January 24, 2026

Predictive Test Selection with Machine Learning

Use machine learning to run only high-risk regression tests, cut execution time and costs, and keep high failure detection while filtering flaky tests.
Josh Ip, Founder & CEO
Josh Ip, Founder & CEO

Predictive test selection using machine learning is transforming how software teams manage regression testing. Instead of running every test after a code change, machine learning models identify and prioritize the tests most likely to fail. This approach saves time, reduces resource usage, and speeds up feedback in CI/CD pipelines. For example, Facebook's system catches 99.9% of regressions while running only 33% of tests, cutting test execution time by 84%.

Key benefits include:

  • Faster testing: Only high-risk tests are executed, reducing delays.
  • Resource efficiency: Fewer tests mean lower infrastructure costs.
  • Improved accuracy: ML models learn from historical data to avoid flaky tests and focus on real issues.

This method is especially effective for large codebases, where traditional dependency-based or static analysis approaches often trigger unnecessary tests and struggle to adapt to complexity. By retraining regularly, ML models stay aligned with evolving codebases, ensuring reliable results without manual adjustments.

Platforms like Ranger simplify this process by automating test selection, filtering flaky tests, and integrating with CI/CD tools, making it easier for teams to maintain fast and reliable development workflows.

ML-Based Test Selection Performance Metrics and Benefits

ML-Based Test Selection Performance Metrics and Benefits

What is predictive test selection?

Problems with Traditional Test Selection Methods

Traditional test selection methods struggle to keep up with the demands of modern development. These older approaches rely on rigid rules that fail to adapt to rapidly changing codebases, leading to inefficiencies and the need for more dynamic, machine learning-driven solutions.

Static Methods Fall Behind Code Changes

Dependency-based selection often casts too wide a net, running tests unnecessarily. As Facebook engineers Mateusz Machalica, Alex Samylkin, Meredith Porth, and Satish Chandra explained:

"This approach has a significant shortcoming: It ends up saying 'yes, this test is impacted' more often than is actually necessary."

Coverage-based methods, while more targeted, require constant maintenance to keep up with code changes. For example, in September 2025, T-Technologies (T-Bank) reported that their Test Impact Analysis tool was selecting 40% to 50% of their test suite for each commit, causing significant load spikes.
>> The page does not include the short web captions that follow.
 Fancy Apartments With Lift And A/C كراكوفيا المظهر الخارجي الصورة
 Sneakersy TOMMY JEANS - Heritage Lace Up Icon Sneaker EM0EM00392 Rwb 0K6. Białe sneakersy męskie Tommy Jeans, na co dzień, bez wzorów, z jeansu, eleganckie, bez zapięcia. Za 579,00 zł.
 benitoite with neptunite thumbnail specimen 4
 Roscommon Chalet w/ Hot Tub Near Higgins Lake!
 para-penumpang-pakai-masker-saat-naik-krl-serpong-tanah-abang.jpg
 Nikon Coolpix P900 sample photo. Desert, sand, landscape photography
These tools also tend to overlook key areas. Typically, they focus solely on source code files and ignore changes to configuration files - like .yaml, .json, or .xml - that can also trigger test failures. As Pavel Plyusnin and his team at T-Technologies observed:

"Coverage-based approaches typically fail to account for changes in non-source code files such as configuration or resource files (e.g., .yaml, .json, .xml)."

The result? Systems bogged down by unnecessary tests and missed opportunities to predict failures accurately.

Struggles with Accurate Failure Prediction

Traditional methods don't just overrun tests - they also fail to predict failures effectively. Static analysis often misses critical test cases, particularly in languages like Java, where features like reflection make dependency tracking more complex. On the other hand, dynamic analysis, while more accurate, requires resource-intensive instrumentation and tracing, which can slow down CI/CD pipelines.

Test flakiness adds another layer of difficulty. Conventional methods often can't distinguish between genuine regressions and flaky tests that fail sporadically. This leads to wasted effort on irrelevant tests while real issues might go unnoticed, further straining resources and compromising reliability.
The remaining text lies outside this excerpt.